- **Given records**:

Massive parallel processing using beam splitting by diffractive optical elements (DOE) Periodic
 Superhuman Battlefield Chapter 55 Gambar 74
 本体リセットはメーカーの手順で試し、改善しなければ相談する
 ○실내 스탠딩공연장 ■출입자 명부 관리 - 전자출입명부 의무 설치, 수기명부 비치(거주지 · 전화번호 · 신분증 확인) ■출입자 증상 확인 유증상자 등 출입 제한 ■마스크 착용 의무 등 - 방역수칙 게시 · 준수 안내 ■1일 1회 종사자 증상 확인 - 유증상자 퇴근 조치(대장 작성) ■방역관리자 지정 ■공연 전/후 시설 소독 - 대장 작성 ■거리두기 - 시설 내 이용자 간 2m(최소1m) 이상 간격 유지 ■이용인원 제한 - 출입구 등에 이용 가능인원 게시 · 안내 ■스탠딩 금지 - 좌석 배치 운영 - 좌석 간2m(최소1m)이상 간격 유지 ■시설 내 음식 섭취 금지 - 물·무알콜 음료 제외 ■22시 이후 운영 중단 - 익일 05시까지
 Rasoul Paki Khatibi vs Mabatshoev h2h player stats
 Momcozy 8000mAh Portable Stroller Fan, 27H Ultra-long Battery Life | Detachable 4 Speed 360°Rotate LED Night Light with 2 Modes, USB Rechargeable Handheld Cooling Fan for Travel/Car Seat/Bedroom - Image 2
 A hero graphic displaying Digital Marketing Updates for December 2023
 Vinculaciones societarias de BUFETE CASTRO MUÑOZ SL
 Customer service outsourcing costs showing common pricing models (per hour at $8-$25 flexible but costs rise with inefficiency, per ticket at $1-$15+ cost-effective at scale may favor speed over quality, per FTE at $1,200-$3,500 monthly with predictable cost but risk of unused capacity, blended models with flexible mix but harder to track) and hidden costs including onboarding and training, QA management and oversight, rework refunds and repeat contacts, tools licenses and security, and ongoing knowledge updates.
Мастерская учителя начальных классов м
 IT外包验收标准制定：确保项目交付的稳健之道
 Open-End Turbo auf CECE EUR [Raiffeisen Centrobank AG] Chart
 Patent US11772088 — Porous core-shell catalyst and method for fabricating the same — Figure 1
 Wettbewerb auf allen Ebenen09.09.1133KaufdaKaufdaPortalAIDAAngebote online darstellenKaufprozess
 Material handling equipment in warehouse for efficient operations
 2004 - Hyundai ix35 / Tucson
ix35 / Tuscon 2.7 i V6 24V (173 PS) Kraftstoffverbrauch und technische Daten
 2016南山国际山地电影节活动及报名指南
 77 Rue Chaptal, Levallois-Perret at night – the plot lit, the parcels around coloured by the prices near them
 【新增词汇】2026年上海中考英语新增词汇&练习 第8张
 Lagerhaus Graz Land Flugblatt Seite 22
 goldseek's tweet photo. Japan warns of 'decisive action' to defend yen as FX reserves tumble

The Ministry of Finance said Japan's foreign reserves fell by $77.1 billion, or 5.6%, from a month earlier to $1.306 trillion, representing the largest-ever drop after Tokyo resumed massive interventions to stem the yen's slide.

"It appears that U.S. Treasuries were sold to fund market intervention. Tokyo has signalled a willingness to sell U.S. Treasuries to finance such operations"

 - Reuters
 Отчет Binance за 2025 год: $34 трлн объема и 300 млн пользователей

- **What to do**: Using the material above, output each line exactly as it appears.

- **Output of the exercise**:
Massive parallel processing using beam splitting by diffractive optical elements (DOE) Periodic
 Superhuman Battlefield Chapter 55 Gambar 74
 本体リセットはメーカーの手順で試し、改善しなければ相談する
 ○실내 스탠딩공연장 ■출입자 명부 관리 - 전자출입명부 의무 설치, 수기명부 비치(거주지 · 전화번호 · 신분증 확인) ■출입자 증상 확인 유증상자 등 출입 제한 ■마스크 착용 의무 등 - 방역수칙 게시 · 준수 안내 ■1일 1회 종사자 증상 확인 - 유증상자 퇴근 조치(대장 작성) ■방역관리자 지정 ■공연 전/후 시설 소독 - 대장 작성 ■거리두기 - 시설 내 이용자 간 2m(최소1m) 이상 간격 유지 ■이용인원 제한 - 출입구 등에 이용 가능인원 게시 · 안내 ■스탠딩 금지 - 좌석 배치 운영 - 좌석 간2m(최소1m)이상 간격 유지 ■시설 내 음식 섭취 금지 - 물·무알콜 음료 제외 ■22시 이후 운영 중단 - 익일 05시까지
 Rasoul Paki Khatibi vs Mabatshoev h2h player stats
 Momcozy 8000mAh Portable Stroller Fan, 27H Ultra-long Battery Life | Detachable 4 Speed 360°Rotate LED Night Light with 2 Modes, USB Rechargeable Handheld Cooling Fan for Travel/Car Seat/Bedroom - Image 2
 A hero graphic displaying Digital Marketing Updates for December 2023
 Vinculaciones societarias de BUFETE CASTRO MUÑOZ SL
 Customer service outsourcing costs showing common pricing models (per hour at $8-$25 flexible but costs rise with inefficiency, per ticket at $1-$15+ cost-effective at scale may favor speed over quality, per FTE at $1,200-$3,500 monthly with predictable cost but risk of unused capacity, blended models with flexible mix but harder to track) and hidden costs including onboarding and training, QA management and oversight, rework refunds and repeat contacts, tools licenses and security, and ongoing knowledge updates.
Мастерская учителя начальных классов м
 IT外包验收标准制定：确保项目交付的稳健之道
 Open-End Turbo auf CECE EUR [Raiffeisen Centrobank AG] Chart
 Patent US11772088 — Porous core-shell catalyst and method for fabricating the same — Figure 1
 Wettbewerb auf allen Ebenen09.09.1133KaufdaKaufdaPortalAIDAAngebote online darstellenKaufprozess
 Material handling equipment in warehouse for efficient operations
 2004 - Hyundai ix35 / Tucson
ix35 / Tuscon 2.7 i V6 24V (173 PS) Kraftstoffverbrauch und technische Daten
 2016南山国际山地电影节活动及报名指南
 77 Rue Chaptal, Levallois-Perret at night – the plot lit, the parcels around coloured by the prices near them
 【新增词汇】2026年上海中考英语新增词汇&练习 第8张
 Lagerhaus Graz Land Flugblatt Seite 22
 goldseek's tweet photo. Japan warns of 'decisive action' to defend yen as FX reserves tumble

The Ministry of Finance said Japan's foreign reserves fell by $77.1 billion, or 5.6%, from a month earlier to $1.306 trillion, representing the largest-ever drop after Tokyo resumed massive interventions to stem the yen's slide.

"It appears that U.S. Treasuries were sold to fund market intervention. Tokyo has signalled a willingness to sell U.S. Treasuries to finance such operations"

 - Reuters
 Отчет Binance за 2025 год: $34 трлн объема и 300 млн пользователей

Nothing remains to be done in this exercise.